No último ano do curso de Teologia Espírita, tivemos uma disciplina onde a professora nos exigiu como trabalho semestral, a execução de uma colcha de retalhos.
Cada aluno deveria contribuir com material e mão de obra. E o material não poderia ser comprado, ou seja, roupas ou retalhos usados. A outra exigência, é que deveria ser confeccionada em aula, nos intervalos, enfim, a colcha não poderia sair da Faculdade.

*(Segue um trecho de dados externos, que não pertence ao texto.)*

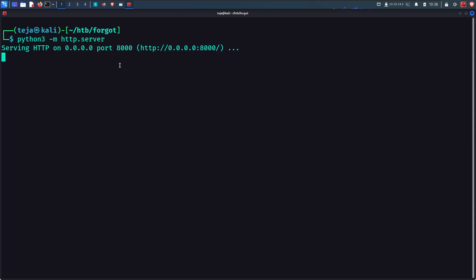But what if the user never clicks on the link? Well, that is a possibility, but there is some comforting news for the attacker. When a new email is received, email clients automatically scan the URLs from the email in order to detect malicious links and prevent users from clicking on them.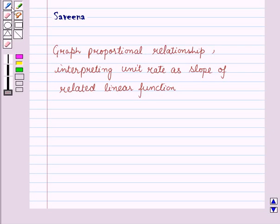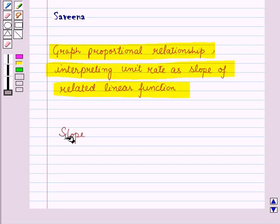Hello and welcome to the session. In this session, we shall learn to graph proportional relationships and interpret unit rate as the slope of a related linear function. First of all, we will learn the concept of slope.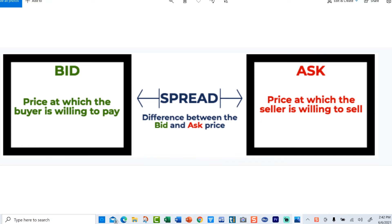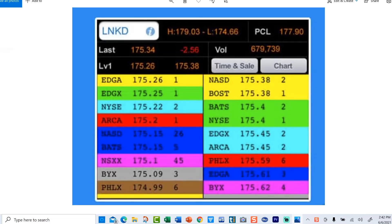The right side is the ask: the price at which the seller is willing to sell. The space in between is the spread — it's the difference between the bid and the ask. So here, the bid is $175.26 and the ask is $175.38.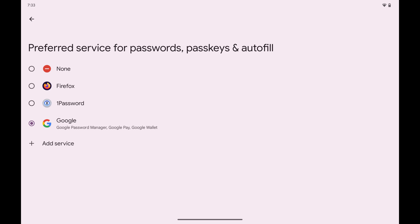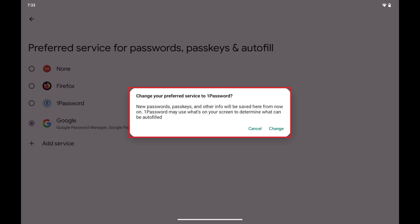Step 4. Tap to select what you want to be the default password manager on your Android device going forward. In this example, I'll tap 1Password. A window pops up asking if you're sure you want to change your default password manager, and letting you know that new passwords, passkeys and other information will be saved to this service going forward.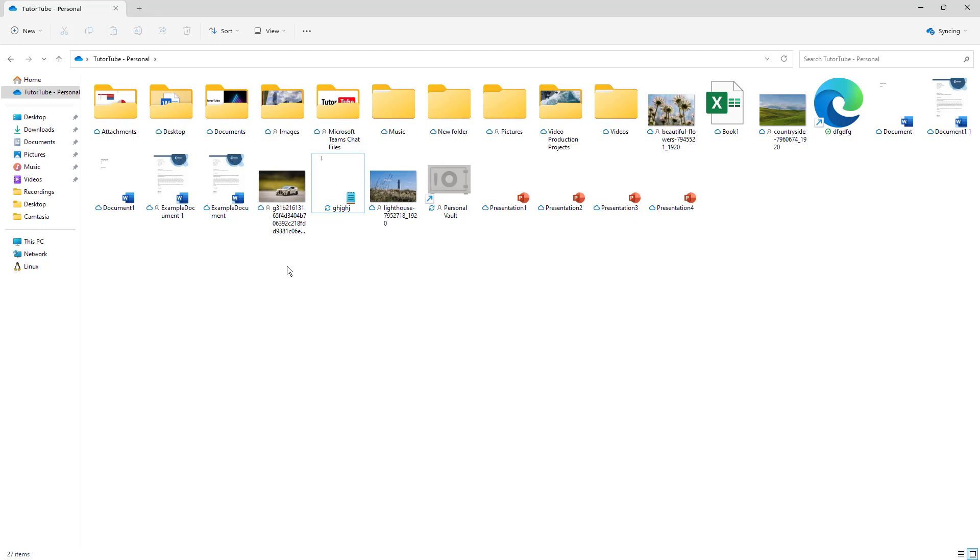For important files, you may want to use the always keep on device option so that they're always stored offline on the device as well.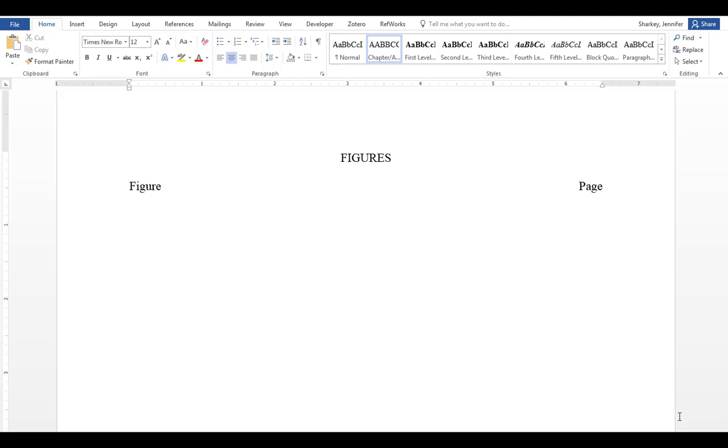If you do not have any tables or figures in your document, you can delete these pages. We will cover how to do this in another video.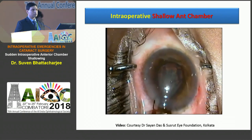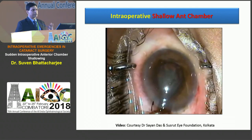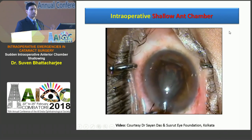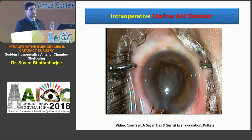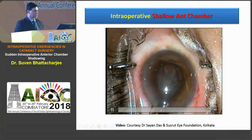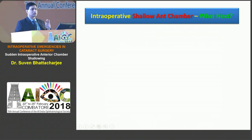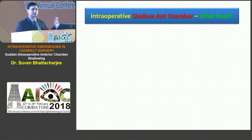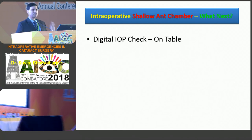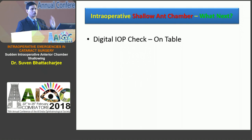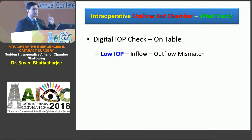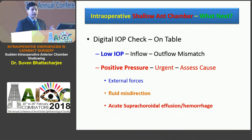No amount of repositioning is going to help at this point. This is when we need to take a call. We have a shallow anterior chamber and the iris is prolapsing. The first thing you need to do is check the pressure of the eye — whether it's soft or hard. That is the key to the next step and how big a trouble you are in. If it's low, there's an inflow-outflow mismatch that needs to be corrected. If it's high, it's called positive pressure — it needs urgent attention and you need to assess the cause.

De início, nos entreolhamos e permanecemos calados. Depois, as conjecturas habituais: "Essa professora é louca ... em plena execução da Monografia de Conclusão de Curso, e ela vem com isso? ... eu não vou fazer ... temos de exigir outro trabalho ... etc.
Mas, como o discurso e a ação devem ser coerentes, e estávamos ali aprendendo justamente a coerência, nos despojamos da empáfia e passamos a nos organizar para a execução da colcha.
Na semana seguinte, os mais antenados ou responsáveis, passaram a trazer material. Retalhos, roupas usadas, botões, fitas, etc. Logo os outros adentraram ao rebuliço, e passaram também a contribuir. Lá estava uma enorme sacola plástica, recheada de material.
Deu-se início à colcha, inicialmente, cortando os retalhos em quadrados e separando-se o que se aproveitaria ou não. Dos retalhos menores, me pus a fazer fuxicos (para quem não sabe o que é, são círculos de tecidos, franzidos), para incrementar o trabalho.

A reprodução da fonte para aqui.